Oh, what a lovely question! My house, in the Parktown neighborhood, smelled of books, the garden, and good cooking. I kept dishes from my parents, who came from Europe, Jewish flavors from my childhood. In the evening, friends would arrive: writers, artists, Black and white around the same table. You think that's normal? In my time, it was almost forbidden. A law even punished simple friendship between races. So every shared dinner was a small victory. Laughter, around a mixed table, was already a form of disobedience.
A dinner shared between Black and white was already a victory.
—At what time of day did you write? Morning, evening?
Morning, always morning, my child. I got up early, in the silence of Johannesburg, and sat down at my typewriter. Those were my most precious hours, when the mind is fresh like a clean sheet. I would write for several hours straight, not letting the world in. In the afternoon, then, came friends, activists, reading. Imagine a painter mixing his colors before the light arrives: that was my mornings. Writing every day, even when tired, is a discipline. And for me, it was also a way of fighting.
My mornings were fresh like a clean sheet.
—When apartheid ended in 1994, were you happy? Did you stop writing?
Happy? I wept for joy, my child! In 1994, for the first time, Black and white voted together, and Mandela became president. The nightmare was over.

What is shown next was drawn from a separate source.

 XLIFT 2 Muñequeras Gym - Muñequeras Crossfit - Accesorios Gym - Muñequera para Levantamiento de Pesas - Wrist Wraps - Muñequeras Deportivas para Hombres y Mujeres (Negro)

But stop writing? Oh no. I published None to Accompany Me that same year, about a country that had to reinvent everything. You see, winning a battle is not enough. New problems were coming: poverty, violence, a terrible disease called AIDS. The fight for justice never truly ends. So I continued, pen in hand, until the end.
The fight for justice never truly ends.
—If people remembered just one thing about you, what would you want it to be?
What a beautiful question to end with. If you remember only one thing, remember this: I believed that writing could speak the truth, even when it was forbidden. I left more than thirty books, translated all over the world. But books are not the main thing. The main thing is that children like you know that one day, in a country, people were separated by color... and people said no. Imagine a chain of hands reaching out across time. Be a link in that chain, my child. That is all I ask.
People were separated by color, and people said no.
This imaginary interview was generated by artificial intelligence from sources documented in Nadine Gordimer's profile. It dramatises what the figure might have said based on what we know about them, but does not constitute attested historical testimony. For primary sources and factual documentation, refer to the full profile.